> Exercise data:

BEGIN

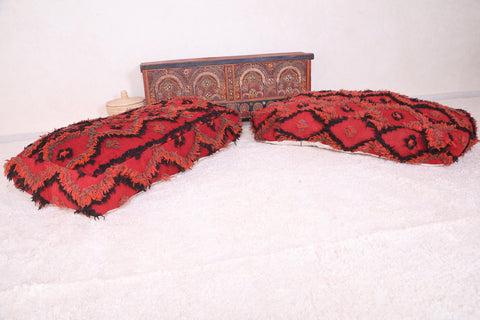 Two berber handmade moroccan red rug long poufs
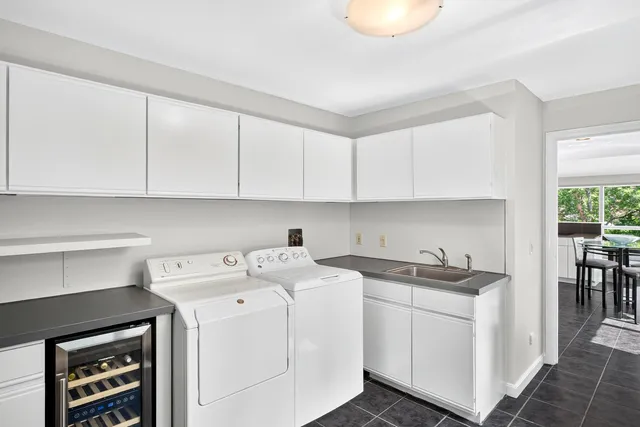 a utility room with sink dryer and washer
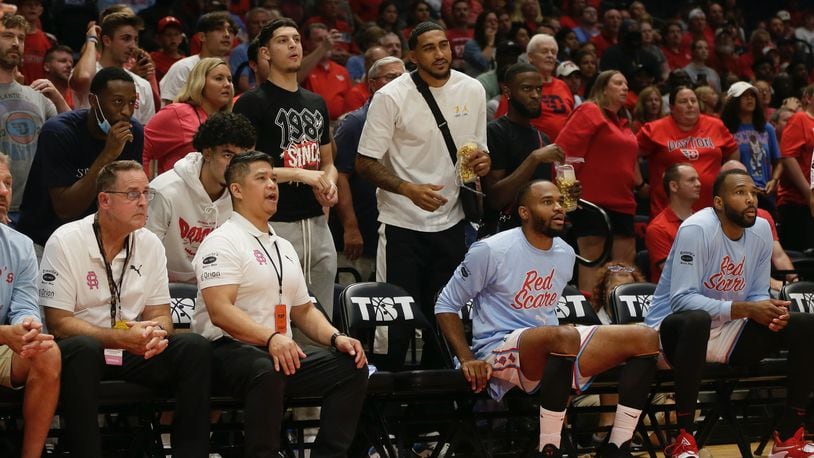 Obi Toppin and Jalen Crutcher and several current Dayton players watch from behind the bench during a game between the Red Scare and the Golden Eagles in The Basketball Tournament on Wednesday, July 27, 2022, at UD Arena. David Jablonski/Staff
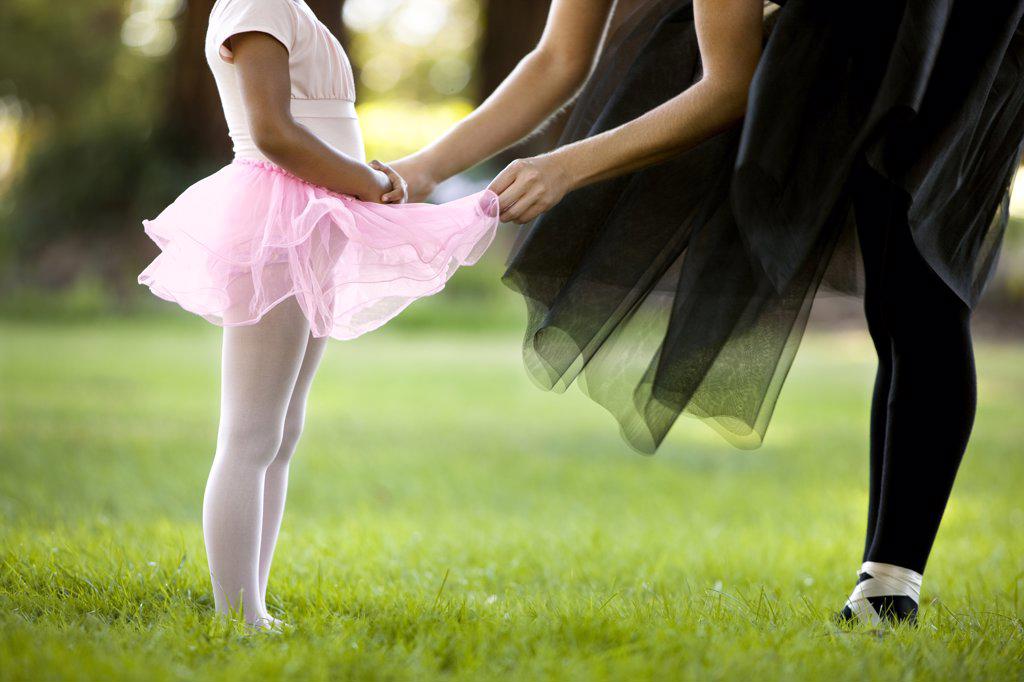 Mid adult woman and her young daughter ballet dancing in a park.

END

Retype all the data exactly, please, without pictures.

> Expected answer:
 Two berber handmade moroccan red rug long poufs
 a utility room with sink dryer and washer
 Obi Toppin and Jalen Crutcher and several current Dayton players watch from behind the bench during a game between the Red Scare and the Golden Eagles in The Basketball Tournament on Wednesday, July 27, 2022, at UD Arena. David Jablonski/Staff
 Mid adult woman and her young daughter ballet dancing in a park.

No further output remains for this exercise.